Distance: 18 km (Cum: 559 km)

Ascent: 900 metres (Cum: 31200 metres)

Time taken: 8.8 hrs including 2.5 hrs stops (Cum: 230.0 hrs including 46.5 hrs stops)

Weather: hot and sunny, but clouding over at 4 pm, with a few spots of rain that came to nothing. Thunder and lightning with rain later.

A day spent mainly on pleasant forest paths, if a little steep (even thrutchy) at times.

On another bright, clear, hot morning I soon decided that bandaging the feet would be a good idea. It was, the bandages worked.

A rocky path led past Rifugi de Comapedrosa and down to Arinsal. There were many day walkers coming the other way, most of whom asked me how long it would take them to get to the Refuge.

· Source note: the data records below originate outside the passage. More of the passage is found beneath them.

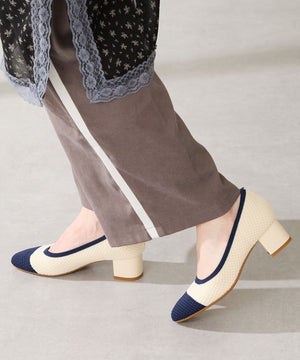 【跳べるパンプス】ラウンドトゥニットヒール/跳べるパンプスシリーズ累計150万足突破/R-3219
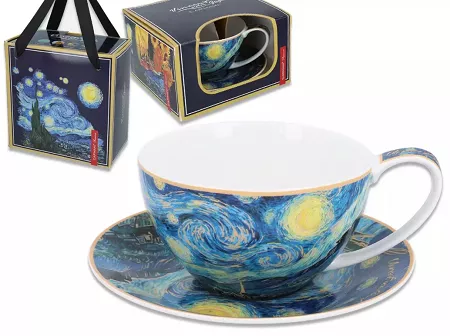 Filiżanka ze spodkiem 0,36 L Carmani - Vincent van Gogh - Gwiaździsta Noc 33.830-3210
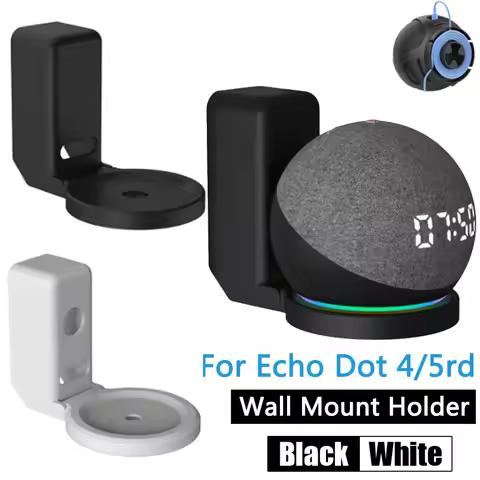 Echo Dot Wall Mount Holder For Amazon Alexa Echo Dot 4 5 3rd Generation Speaker Bracket Space Saving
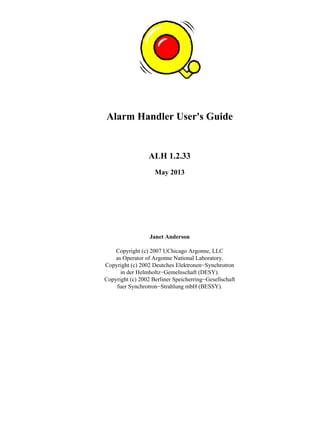 ALH user guide 1.2.33 (May 2013) | PDF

A trudge through the streets and building sites of Arinsal was followed by a steep climb along the Cami del Coll de les Cases path. There were lots of wild strawberries. I hadn't seen those for a while. Also lots of wood ants intent on exploring stationary objects. So it was best to keep moving. The broad col at 1958 metres, with lots of fading St John's Wort was a pleasant enough spot to pause for a while.

There weren't too many views. That's a bit of a problem in a pine forest.

The descent to Arans was ... steep.

Arans turns out to be a small village on the main road. I chose the Font d'Arans restaurant for lunch because it was clear that it had wifi and I'd been incommunicado since yesterday morning. (More phone problems - I can now phone home but I'm unable to get to the EE website to buy any megabyte usage. So I'm having to rely on wifi, which is also refusing to connect where I am now.)

"We aren't open until 1 pm" said the elderly lady. I retreated for a few minutes of essential faffing and went back in.

" A coke please?"

"You'll find it cheaper from the machine outside" she retorted. The machine might have looked broken but it produced a cold can of coke for a euro.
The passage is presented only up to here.